• TASK INSTRUCTIONS: There is one span to output from the data below: the lines starting at the line with "Preview for 10" and ending at the line with "Adidas Good Year". Output it exactly, ends included, nothing more.

• EXCERPTED RECORDS:
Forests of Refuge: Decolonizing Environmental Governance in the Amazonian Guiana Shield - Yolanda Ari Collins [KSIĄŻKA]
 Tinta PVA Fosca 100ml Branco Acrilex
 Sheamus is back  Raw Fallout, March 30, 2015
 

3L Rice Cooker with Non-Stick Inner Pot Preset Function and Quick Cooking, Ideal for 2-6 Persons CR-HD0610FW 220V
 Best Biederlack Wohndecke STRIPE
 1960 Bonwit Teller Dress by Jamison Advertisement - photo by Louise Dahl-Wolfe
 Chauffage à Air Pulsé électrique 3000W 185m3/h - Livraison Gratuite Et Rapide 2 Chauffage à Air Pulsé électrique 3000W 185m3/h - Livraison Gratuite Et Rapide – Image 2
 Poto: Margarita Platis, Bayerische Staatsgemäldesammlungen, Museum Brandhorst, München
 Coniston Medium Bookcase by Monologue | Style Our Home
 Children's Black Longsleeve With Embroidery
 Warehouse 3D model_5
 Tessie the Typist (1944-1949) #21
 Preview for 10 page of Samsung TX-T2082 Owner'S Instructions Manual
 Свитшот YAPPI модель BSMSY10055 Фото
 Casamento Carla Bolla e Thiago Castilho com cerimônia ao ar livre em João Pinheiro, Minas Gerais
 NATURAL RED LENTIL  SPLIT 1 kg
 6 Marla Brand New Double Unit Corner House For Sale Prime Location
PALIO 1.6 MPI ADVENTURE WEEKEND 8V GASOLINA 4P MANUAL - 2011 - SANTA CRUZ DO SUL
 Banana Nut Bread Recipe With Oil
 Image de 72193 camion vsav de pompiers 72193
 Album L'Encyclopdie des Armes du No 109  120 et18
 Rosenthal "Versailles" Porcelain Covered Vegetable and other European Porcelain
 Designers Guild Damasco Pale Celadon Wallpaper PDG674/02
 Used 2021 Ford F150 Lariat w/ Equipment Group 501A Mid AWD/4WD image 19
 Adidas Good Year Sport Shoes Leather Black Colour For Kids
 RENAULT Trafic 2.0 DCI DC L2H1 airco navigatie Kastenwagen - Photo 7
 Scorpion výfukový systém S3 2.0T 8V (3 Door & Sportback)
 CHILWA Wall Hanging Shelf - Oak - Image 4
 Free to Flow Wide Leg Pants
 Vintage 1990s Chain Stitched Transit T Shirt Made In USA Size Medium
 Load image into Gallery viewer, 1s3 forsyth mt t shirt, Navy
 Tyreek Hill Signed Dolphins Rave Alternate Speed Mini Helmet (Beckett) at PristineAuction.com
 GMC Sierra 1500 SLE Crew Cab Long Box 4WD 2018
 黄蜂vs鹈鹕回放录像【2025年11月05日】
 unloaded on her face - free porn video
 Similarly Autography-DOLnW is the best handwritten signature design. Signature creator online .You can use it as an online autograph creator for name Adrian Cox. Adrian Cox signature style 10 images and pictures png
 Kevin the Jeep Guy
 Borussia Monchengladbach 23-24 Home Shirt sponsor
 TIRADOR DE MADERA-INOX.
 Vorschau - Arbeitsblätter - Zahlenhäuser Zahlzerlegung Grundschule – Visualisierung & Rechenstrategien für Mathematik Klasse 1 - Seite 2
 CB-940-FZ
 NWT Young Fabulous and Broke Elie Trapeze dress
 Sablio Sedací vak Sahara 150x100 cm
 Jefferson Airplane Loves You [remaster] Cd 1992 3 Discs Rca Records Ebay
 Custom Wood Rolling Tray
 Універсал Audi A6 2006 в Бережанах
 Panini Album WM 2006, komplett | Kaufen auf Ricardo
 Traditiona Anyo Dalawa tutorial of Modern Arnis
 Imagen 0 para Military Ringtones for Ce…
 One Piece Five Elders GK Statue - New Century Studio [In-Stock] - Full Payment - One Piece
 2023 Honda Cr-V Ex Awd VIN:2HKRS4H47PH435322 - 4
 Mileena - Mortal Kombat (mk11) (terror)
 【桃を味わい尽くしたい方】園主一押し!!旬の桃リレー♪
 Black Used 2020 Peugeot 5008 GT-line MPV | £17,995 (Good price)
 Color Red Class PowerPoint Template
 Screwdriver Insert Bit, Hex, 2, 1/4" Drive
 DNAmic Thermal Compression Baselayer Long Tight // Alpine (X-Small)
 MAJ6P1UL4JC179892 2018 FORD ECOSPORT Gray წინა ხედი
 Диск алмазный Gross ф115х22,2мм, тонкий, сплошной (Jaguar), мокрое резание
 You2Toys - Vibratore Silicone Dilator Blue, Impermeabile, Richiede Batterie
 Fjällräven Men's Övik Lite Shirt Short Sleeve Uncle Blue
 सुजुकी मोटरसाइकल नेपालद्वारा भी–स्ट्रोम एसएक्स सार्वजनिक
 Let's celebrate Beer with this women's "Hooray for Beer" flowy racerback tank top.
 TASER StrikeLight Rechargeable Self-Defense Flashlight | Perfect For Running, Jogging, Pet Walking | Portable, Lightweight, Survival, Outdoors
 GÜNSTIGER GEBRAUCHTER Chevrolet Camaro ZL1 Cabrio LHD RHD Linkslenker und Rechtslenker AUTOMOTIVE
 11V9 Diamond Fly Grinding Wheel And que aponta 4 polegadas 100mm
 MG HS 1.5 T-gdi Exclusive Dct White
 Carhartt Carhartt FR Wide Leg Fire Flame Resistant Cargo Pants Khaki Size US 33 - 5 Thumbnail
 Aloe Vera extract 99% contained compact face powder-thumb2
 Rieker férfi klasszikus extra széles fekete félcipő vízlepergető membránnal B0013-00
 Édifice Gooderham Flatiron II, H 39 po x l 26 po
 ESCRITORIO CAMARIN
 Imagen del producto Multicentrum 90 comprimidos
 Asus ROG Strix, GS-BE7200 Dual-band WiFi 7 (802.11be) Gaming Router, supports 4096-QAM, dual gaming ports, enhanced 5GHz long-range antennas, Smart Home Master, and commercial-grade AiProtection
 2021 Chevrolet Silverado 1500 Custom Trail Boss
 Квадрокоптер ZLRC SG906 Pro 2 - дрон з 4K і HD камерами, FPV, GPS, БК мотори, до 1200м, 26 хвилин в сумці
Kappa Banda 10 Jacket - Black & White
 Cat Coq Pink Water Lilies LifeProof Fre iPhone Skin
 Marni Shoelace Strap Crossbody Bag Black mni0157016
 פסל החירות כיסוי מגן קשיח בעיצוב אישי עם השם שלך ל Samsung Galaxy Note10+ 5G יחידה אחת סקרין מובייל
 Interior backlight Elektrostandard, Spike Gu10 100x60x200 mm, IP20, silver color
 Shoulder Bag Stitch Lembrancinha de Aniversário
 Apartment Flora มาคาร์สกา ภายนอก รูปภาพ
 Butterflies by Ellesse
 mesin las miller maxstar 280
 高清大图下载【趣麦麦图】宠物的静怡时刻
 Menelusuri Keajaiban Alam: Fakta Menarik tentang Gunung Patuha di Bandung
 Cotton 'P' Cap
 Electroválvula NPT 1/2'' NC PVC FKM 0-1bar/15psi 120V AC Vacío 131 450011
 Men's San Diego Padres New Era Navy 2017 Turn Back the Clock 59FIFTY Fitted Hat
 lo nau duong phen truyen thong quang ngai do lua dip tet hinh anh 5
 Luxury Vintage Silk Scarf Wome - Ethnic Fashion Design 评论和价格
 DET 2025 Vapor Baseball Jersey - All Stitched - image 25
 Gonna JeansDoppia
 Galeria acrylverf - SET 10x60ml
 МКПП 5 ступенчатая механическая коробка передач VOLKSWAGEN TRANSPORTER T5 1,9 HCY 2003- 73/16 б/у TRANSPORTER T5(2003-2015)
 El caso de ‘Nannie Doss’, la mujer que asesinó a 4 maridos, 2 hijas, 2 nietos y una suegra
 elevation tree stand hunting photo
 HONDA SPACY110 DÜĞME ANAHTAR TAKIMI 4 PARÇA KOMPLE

• TASK RESPONSE:
 Preview for 10 page of Samsung TX-T2082 Owner'S Instructions Manual
 Свитшот YAPPI модель BSMSY10055 Фото
 Casamento Carla Bolla e Thiago Castilho com cerimônia ao ar livre em João Pinheiro, Minas Gerais
 NATURAL RED LENTIL  SPLIT 1 kg
 6 Marla Brand New Double Unit Corner House For Sale Prime Location
PALIO 1.6 MPI ADVENTURE WEEKEND 8V GASOLINA 4P MANUAL - 2011 - SANTA CRUZ DO SUL
 Banana Nut Bread Recipe With Oil
 Image de 72193 camion vsav de pompiers 72193
 Album L'Encyclopdie des Armes du No 109  120 et18
 Rosenthal "Versailles" Porcelain Covered Vegetable and other European Porcelain
 Designers Guild Damasco Pale Celadon Wallpaper PDG674/02
 Used 2021 Ford F150 Lariat w/ Equipment Group 501A Mid AWD/4WD image 19
 Adidas Good Year Sport Shoes Leather Black Colour For Kids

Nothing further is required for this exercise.